I am aware you later go and compare them by looping through each data point later, which is not exactly equivalent as the above - though that is a small nuance. That approach assumes C is the effective size of the data and that each activation in the spatial dimension is a filter. But usually a neuron (vector) is considered to have size with respect to the data set so usually it's [M, CHW] or [MHW, C]. So I'm unsure why having the filter size as the effective size of the data set for CCA is justified.

I will go with [MHW, C] since I think the definition of a neuron per filter makes more sense and each patch seen by a filter as a data point makes more sense. I think due to the nature of CCA, this is fine to apply even across layers. If you want to know why I'm happy to copy paste that section of the background section of my paper here.

see:

Screen Shot 2021-10-28 at 12 48 47 PM

Thanks for your great library and feedback!

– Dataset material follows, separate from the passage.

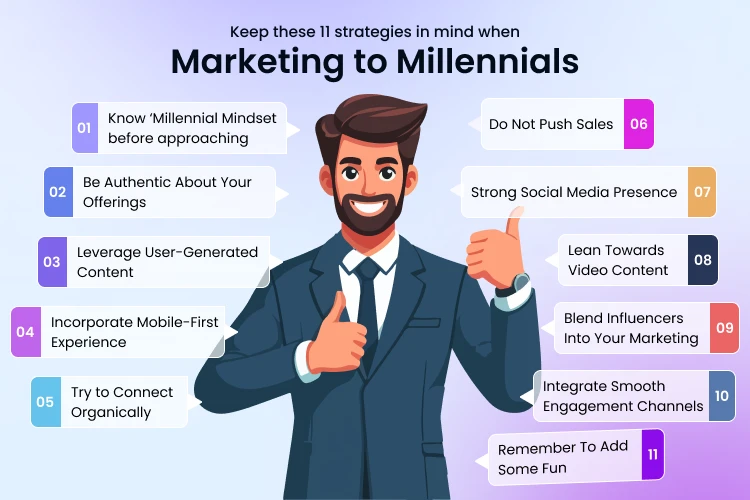 11 strategies for marketing to millennials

moskomule commented 2 years ago

Thank you for your comment. I did not intend to compare different layers, but maybe I should add an option. The reason I used looping was to avoid an OOM problem I faced at that time.

brando90 commented 2 years ago

makes sense. I was worried about that in my current implementation.

I added support to compare via filter and via your implementation and TODO via activation as options in my fork:

https://github.com/brando90/ultimate-anatome/blob/40b91003fed50b06c10cef9639193e8c31dc3802/anatome/similarity.py#L428

feel free to copy paste it, ask question etc. Hope it helps.